### How to complete this task
For this exercise, output the entries below exactly from the line that holds "2005 Erin Starscreener" to the line that holds "Buty Do Biegania", both ends included. No pictures belong in the copy.

### Record excerpts

——

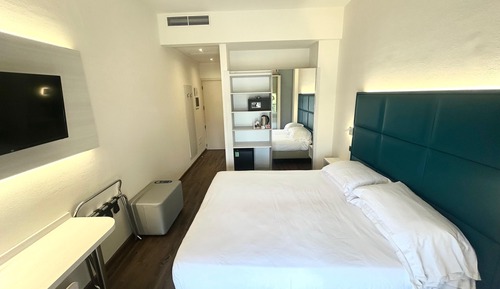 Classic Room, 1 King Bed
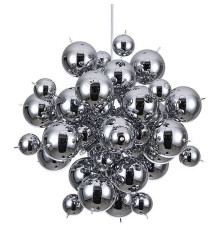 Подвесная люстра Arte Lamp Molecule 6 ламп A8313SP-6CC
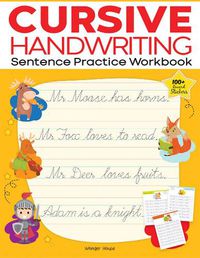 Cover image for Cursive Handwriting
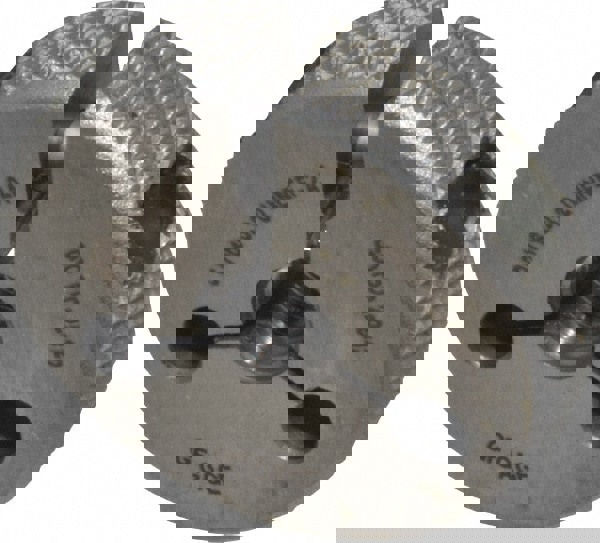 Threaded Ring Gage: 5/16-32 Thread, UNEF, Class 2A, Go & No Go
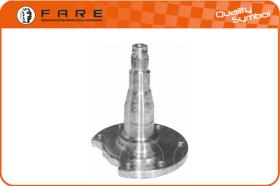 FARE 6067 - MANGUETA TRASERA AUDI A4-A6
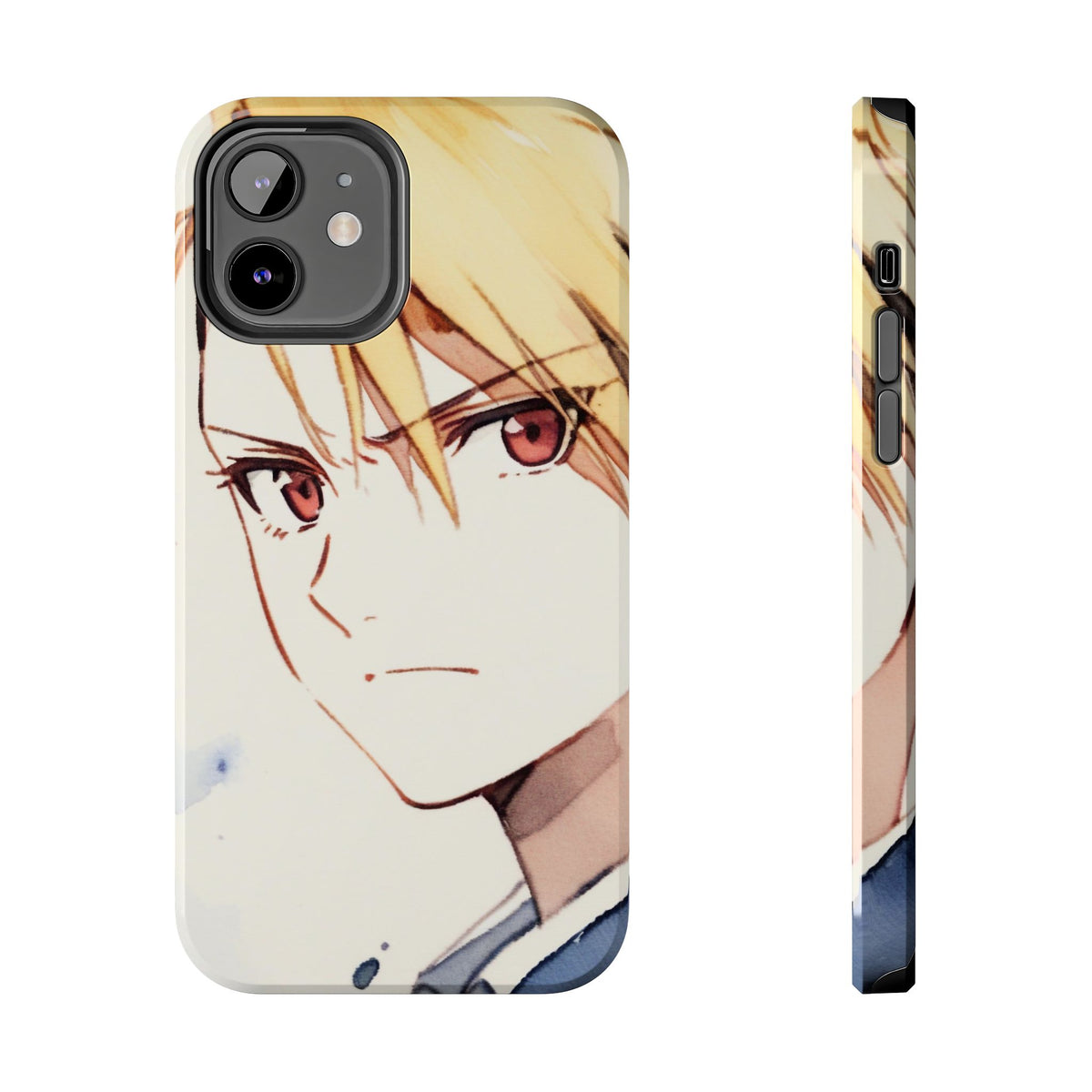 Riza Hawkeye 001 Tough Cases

——

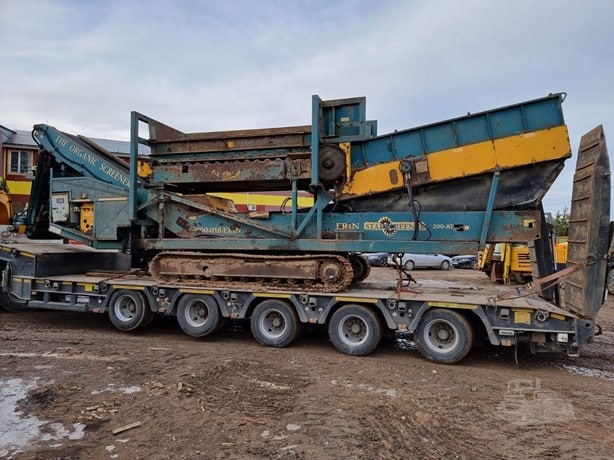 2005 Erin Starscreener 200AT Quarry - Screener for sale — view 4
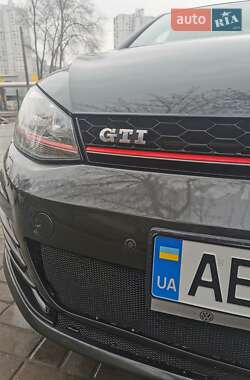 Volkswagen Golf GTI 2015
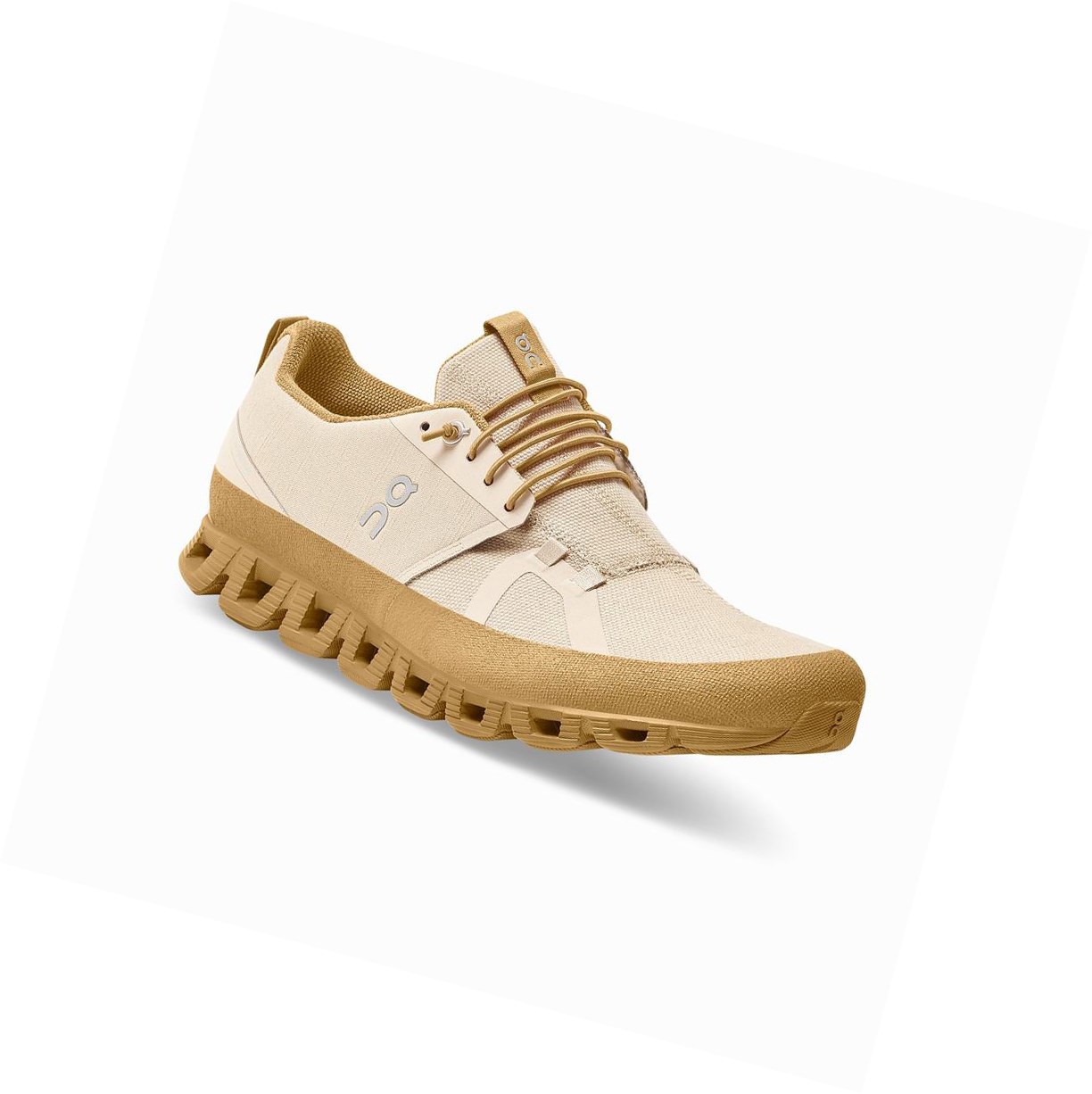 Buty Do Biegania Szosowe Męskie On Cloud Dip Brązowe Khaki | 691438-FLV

——

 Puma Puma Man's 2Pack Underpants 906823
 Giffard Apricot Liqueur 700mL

——

### Solved problem
 2005 Erin Starscreener 200AT Quarry - Screener for sale — view 4
 Volkswagen Golf GTI 2015
 Buty Do Biegania Szosowe Męskie On Cloud Dip Brązowe Khaki | 691438-FLV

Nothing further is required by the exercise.